A Story from Cambodia

People from Wonderland


I raise up my voice – not so I can shout, but so those without a voice can be heard… we cannot succeed when half of us are held back.


Happy Women’s day!

Not the 8th of March anymore but each day is worth to celebrate women’s rights and take actions, small or big, for gender equality. Even though I grew up in a country relatively privileged, there is always someone (e.g. strangers, fashion brands, or even relatives)  that will manage to remember me that gender equality is far from being achieved.

So I know it’s easy to come up with a quote about women’s empowerment on a blog but it is a cause that matters to me and in my daily life, I do my best to avoid comments or attitudes that reinforce stereotypes.

For the occasion, I really wanted to share a personal story that makes me smile each time I think of it. It happened in 2014 during a school break while in Cambodia.

So back to 2014

We were studying in Bangkok and had a couple of weeks off. So we decided to travel to Vietnam and Cambodia with a group of friends (guys, not sure if you are reading my blog but cheers to the #groupof10people).  

I forgot the details but somehow during the journey, our group got fragmented since we did not arrive all together in Siem Reap. Anyway, it was the morning and we were waiting at the bus station a couple of extra friends to meet us.

But guess what…

One of them forgot his bag inside the bus which disappeared immediately. Obviously, you are missing out all the fun if the bag does not contain anything important. Beside a camera, we had a missing passport with a precious student visa inside. Our friend Simone was very very (VERY) upset (Ciao Simone! Get back to me if needed :). And Elisa decided to take over the problem. She said ‘she would think about a solution to get the passport back’ and when she says she is going to do something she does.

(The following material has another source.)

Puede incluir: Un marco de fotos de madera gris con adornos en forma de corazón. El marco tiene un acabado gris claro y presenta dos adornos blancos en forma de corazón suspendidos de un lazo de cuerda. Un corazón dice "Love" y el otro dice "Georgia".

Not so sure what happened next (side story: I had fever) but Elisa shared the phone number from our hostel with a couple of tuk-tuk drivers in the street in case ‘ anyone would have seen something or could help’.

Elisa ended up receiving a call from  ‘a friend who might help’ and they arranged a meeting the afternoon itself to discuss more.

And I really like the next memory I have from this: Elisa and Simone leaving the hostel in a tiny tuk-tuk that would bring them somewhere in the suburbs of Siem Reap.

The next thing I knew is they were back a couple of hours later with the passport, less cash, and a story about negotiating with a local mafia. I will always remember HOW BAD ASS my friends sounded hahaha.

Thank you Elisa! Forever in my mind!